# IS THIS GOLD???



## Duke Ardelis (Jul 19, 2011)

Hi all,

I think i found gold in some sand from a water well i drilled, it is some 6 meters deep,I pulled a few hands of sand from it, and found something that looks like gold, but I'm not sure.

I did some tests i found online, and all were positive, I sent lazersteve some samples to be tested but I know if he got them since he's not active lately.

-does the sand have magnetic black sand?
YES
-do the leaves bend?
YES
does it leave a yellow trace on a white cotton rag?
YES
does it smell like sulfur?
NO
does it have a cubic structure under a magnifying glass?
NO, it has a more smooth structure, like a flat stone, only in gold color.

I dipped one in 19% HCL i bought in the supermarket,to see if it is pyrite, and it melted after about 24 hours,not like it should immediately, but I read later that HCL i combination with tap water will dissolve gold.

After all this i decided to go the some jewelers, but non of them has ever seen unrefined gold in flakes, so i took it to a refinery of precious metals, but they had never seen gold in this form ether, and they need about 200 ml for testing!!!!!!!!!!
Correct me if I'm wrong but that almost 4 kg of gold.

I don't have the cash needed to buy testing equipment, and on top of that no one sells in my country.

So please take a look at the pics, and tell me what do you think, I can email you the pictures if you cant see them.

I need to be 100% sure this is gold before I go and buy the equipment i need, I know its just around 400 bucks with transport, but at the moment for me that's a fortune, so I cant afford to risk borrowing the money if it is not real gold.

This was taken out of the sand using a pair of tweezers. 
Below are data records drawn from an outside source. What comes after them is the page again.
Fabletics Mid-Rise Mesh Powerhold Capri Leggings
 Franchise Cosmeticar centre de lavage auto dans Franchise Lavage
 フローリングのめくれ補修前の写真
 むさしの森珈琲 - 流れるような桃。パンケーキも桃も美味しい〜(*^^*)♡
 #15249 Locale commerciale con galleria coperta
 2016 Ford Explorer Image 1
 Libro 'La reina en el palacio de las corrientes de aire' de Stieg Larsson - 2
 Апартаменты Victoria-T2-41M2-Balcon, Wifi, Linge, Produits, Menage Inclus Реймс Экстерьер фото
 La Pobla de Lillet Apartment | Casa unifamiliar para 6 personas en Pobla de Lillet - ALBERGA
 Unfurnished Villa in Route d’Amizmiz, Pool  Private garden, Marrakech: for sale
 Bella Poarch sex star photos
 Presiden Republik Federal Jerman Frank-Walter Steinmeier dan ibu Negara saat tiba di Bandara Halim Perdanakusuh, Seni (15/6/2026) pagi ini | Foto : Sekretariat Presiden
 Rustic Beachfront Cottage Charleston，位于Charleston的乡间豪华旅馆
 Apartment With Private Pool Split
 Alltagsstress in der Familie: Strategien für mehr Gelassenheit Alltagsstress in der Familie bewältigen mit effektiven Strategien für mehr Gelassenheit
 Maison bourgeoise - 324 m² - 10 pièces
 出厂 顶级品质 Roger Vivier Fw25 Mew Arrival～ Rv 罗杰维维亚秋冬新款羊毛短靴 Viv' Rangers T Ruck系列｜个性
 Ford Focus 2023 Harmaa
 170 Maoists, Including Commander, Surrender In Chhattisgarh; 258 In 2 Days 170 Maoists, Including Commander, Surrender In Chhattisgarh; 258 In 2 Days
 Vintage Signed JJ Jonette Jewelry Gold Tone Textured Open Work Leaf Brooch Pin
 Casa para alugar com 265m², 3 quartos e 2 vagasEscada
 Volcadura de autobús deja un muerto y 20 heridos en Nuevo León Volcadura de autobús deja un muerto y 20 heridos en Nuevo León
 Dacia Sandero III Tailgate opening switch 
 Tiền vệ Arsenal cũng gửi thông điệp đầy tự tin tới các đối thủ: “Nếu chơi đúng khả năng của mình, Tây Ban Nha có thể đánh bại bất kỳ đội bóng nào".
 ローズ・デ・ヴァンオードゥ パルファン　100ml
Any help identifying what this relay is, is much appreciated.

Thanks in advance.


----------



## Anonymous (Jul 19, 2011)

I have panned,sluiced,and dredged for gold in quite a few places,and that "looks" like gold.Of course I am only looking at a picture.
You WILL receive a result from Lazersteve,and it will be accurate....you just have to give him time to recieve the sample,and run some tests on it.
In the meantime,I highly suggest that you do not speak to anyone else about this.The last thing you want is people on your property trying to dig it up.


----------



## Acid_Bath76 (Jul 19, 2011)

Do you really need to ship it off and have it tested to determine if it's gold? Or did he want to determine the exact quality of the gold? Don't they make test kits for that as well though?


----------



## Anonymous (Jul 19, 2011)

I think the problem is,his resources,and his finances.He made the right choice by sending it to Steve.But I am sure that the anxiety must be killing him.I showed the pics to my wife and kids and they freaked out......I cannot imagine what this guy is going through.
Duke if you read this.....please just have a little patience,and don't talk to anyone else about it please.You may be sitting on a literal gold mine! I for one will be keeping a close eye on this thread.


----------



## Duke Ardelis (Jul 19, 2011)

I know steve will answer when he gets the samples, and finds some time to test them. This is my first gold find, I've been searching for it for some time now.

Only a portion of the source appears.